Another Jakarta resident, Australian Simone Baldwin, General Manager of a locally wine supplier, describes living in Jakarta as “Feeling the whole gamut of emotions in one day; crazy, busy, intense, confronting, alone, frustrating, exciting, fun, funny warm and welcoming. It requires a special kind of resilience to live and enjoy life here, a positive energy and a sense of compassion for the many millions of people who are less fortunate than us.”
Jakarta is massage and spa heaven. Beautifully appointed spa palaces and salons abound. Bernie Geddes has a favourite haunt, “I love Jamu Spa. If you’ve never had a cream bath then you have missed paradise! The girls at Jamu Spa know how to make you relax and experience complete ecstasy. A cream bath is not only a head massage but also involves caressing your arms, and every hair on your head, massaging your back and leaves you wondering why you haven’t ever done this before. It’s a guarantee you’ll be back.”
Life for local Indonesian Dita Carey, a Pilates studio owner is summed up in her description of Jakarta, “Where else in the world can you enjoy the service offered to you in this city. You take a Silver Bird taxi and you are treated like a queen, or you have your own personal driver. It is so affordable to wine and dine at top class restaurants. Many of my friends have a massage lady regularly come to the home. The affordability to have staff makes life so easy. Jakarta comes alive at night. Some great nightclubs include Blowfish, Dragonfly, Bibliotheque, Immigrant and make sure you stop by the iconic B.A.T.S in the Shangri-La hotel. The International schools are excellent, the shopping, the amount of leisure time you can create by the fact you have staff makes life very easy here. Where else in the world can you have all this?”
Jakarta is also your gateway to exploring the rest of Indonesia. Bali and Lombok offer beautiful beaches, Sulawesi has some of the worlds most pristine diving, Sumatra has its unique and fascinating culture and Kalimantan allows you to come up close and personal with orangutans.
So how do you ease into Jakarta? As New Zealander, Vicky Keenan explains, “Take your time. Observe the differences and don’t expect the way of life here to be the same as where you come from. Go with the flow, learn the language, learn the etiquette of gentle communication, polite good mornings and always smile.”
Photos by David Metcalf
Pelabuhan Ratu – Beachside resort area. 4 hrs drive from Jakarta. Surf, black sand and relaxation.
Bandung – Mountain Scenery, cool climate, Factory Outlet shopping. 2.5 hours drive from Jakarta.
Thousand Islands – many choices of islands to stay. Snorkeling, diving and beautiful sunsets. 1.5 hours from Jakarta harbour area.
Bali – only 1.5 hours flight from Jakarta. Beaches and Top Class Resorts. Visit Ubud (art centre) in the mountains – 45 minutes from Denpasar.
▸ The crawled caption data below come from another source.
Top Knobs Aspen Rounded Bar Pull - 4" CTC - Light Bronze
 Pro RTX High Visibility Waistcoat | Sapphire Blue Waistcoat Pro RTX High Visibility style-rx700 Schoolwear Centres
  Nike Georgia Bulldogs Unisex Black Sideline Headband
Kalimantan – Camp Leakey Orangutan Sanctuary. Take an Indonesian Houseboat (klotok) into the Tanjung Putting National Park. A memorable trip – well worth it.
Sumatra – Lake Toba is very beautiful. Stay on Samosir Island in the middle of the lake. The ethnic Batak people are Christian and very friendly.
Sulawesi – Tana Toraja – A unique culture set in beautiful mountain scenery. Famous for elaborate burial rites and ancient traditions still practiced today.
Komodo Island – Visit the prehistoric Komodo dragons. 7 day sailing trips (on a traditional schooner) out of Benoa Harbour, Bali including snorkeling, beautiful volcano scenery and cruising through the remote Lesser Sunda Islands.